La liste des représentations annulées dresse autant de lourdes déceptions pour les interprètes et les artistes.
Le Prince Igor, nouvelle production très attendue (dont nous rendions compte le soir de la première), n'en était qu'à sa quatrième date aujourd'hui et les 6 autres dates qui doivent occuper le mois de décembre sont donc compromises également (idem pour la retransmission télévisée prévue le mardi 17 décembre). Bastien et Bastienne de Mozart (compte-rendu de la précédente série), spectacle tout public à l'Amphithéâtre Bastille, aura vu deux représentations de suite (6 & 7 décembre) annulées. Lear de Reimann par Calixto Bieito (compte-rendu) aura été privé de sa dernière date. Ce sont ainsi les trois spectacles lyriques de ce samedi 7 décembre, tout comme les deux ballets du vendredi 6 (Le Parc par Preljocaj à Garnier et Raymonda de Noureev à Bastille) qui n'ont pas pu se jouer.
Le Théâtre des Champs-Élysées a également dû annuler la représentation du 5 décembre des Noces de Figaro mises en scène par James Gray (compte-rendu), "Une partie du personnel permanent et des intermittents du spectacle ayant décidé de se joindre au mouvement social". Toutefois, les spectacles ont repris depuis (le théâtre recommandant à ses spectateurs de se renseigner sur l'état des transports et "de prévoir d'arriver un peu plus tôt").
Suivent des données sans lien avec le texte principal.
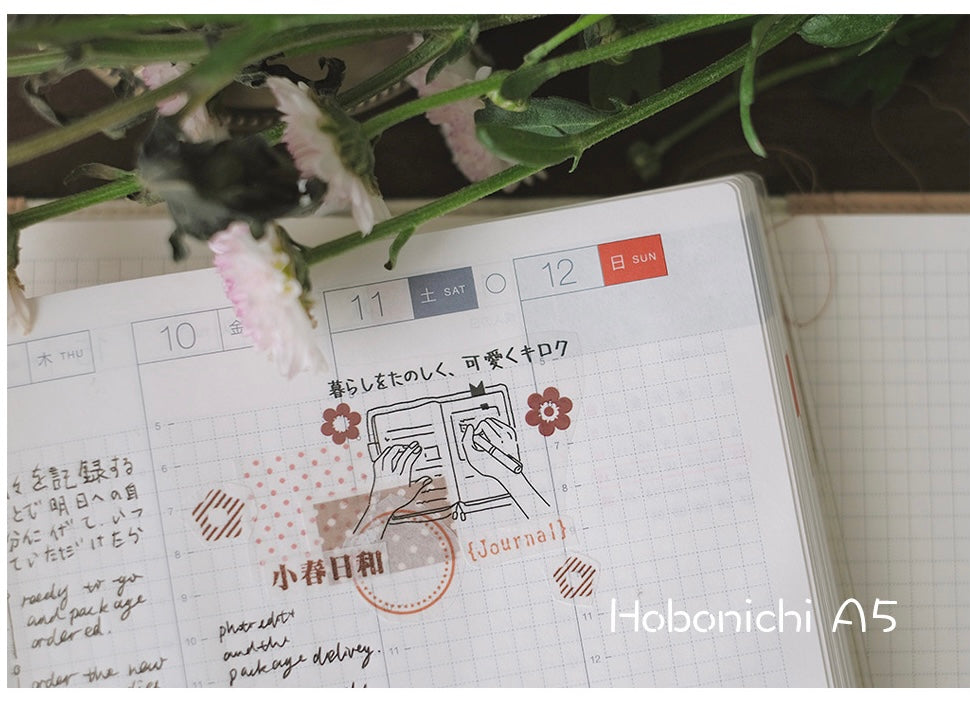 QQY - Ticket Collection | 4.5cm PET Tape | Release Paper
Le mouvement de grève est bien plus vif et soutenu à Radio France, entraînant des séries d'annulations pour les programmes diffusés à l'antenne (remplacés par des playlists musicales) et pour les concerts produits par la maison ronde. C'est même une triple menace budgétaire que combattent les Chœurs de Radio France : la diminution de leur pension de retraite, la baisse des dotations pour l'audiovisuel public (entraînant une réduction de 60 millions d'euros, avec la suppression de 299 postes à Radio France), et, directement pour les chanteurs, la réduction drastique de leurs effectifs. Les choristes étaient 114 en 2015, ils ont déjà subi une forte diminution et ne sont plus que 93 aujourd'hui, mais Sibyle Veil (Présidente de Radio France) veut descendre à 60 choristes (avec 33 départs volontaires) en 2020. Dans ce cas, cet ensemble qui se targue d'être un Chœur symphonique ne pourra plus interpréter seul de grands Requiem ou Symphonies romantiques et devra engager des supplémentaires ou bien s'adjoindre la collaboration d'autres ensembles (comme l'été dernier pour la Symphonie des Mille de Mahler aux Chorégies d'Orange).
Les détenteurs de billets pour des spectacles annulés peuvent demander l'échange pour une autre date ou un autre spectacle, ou bien le remboursement.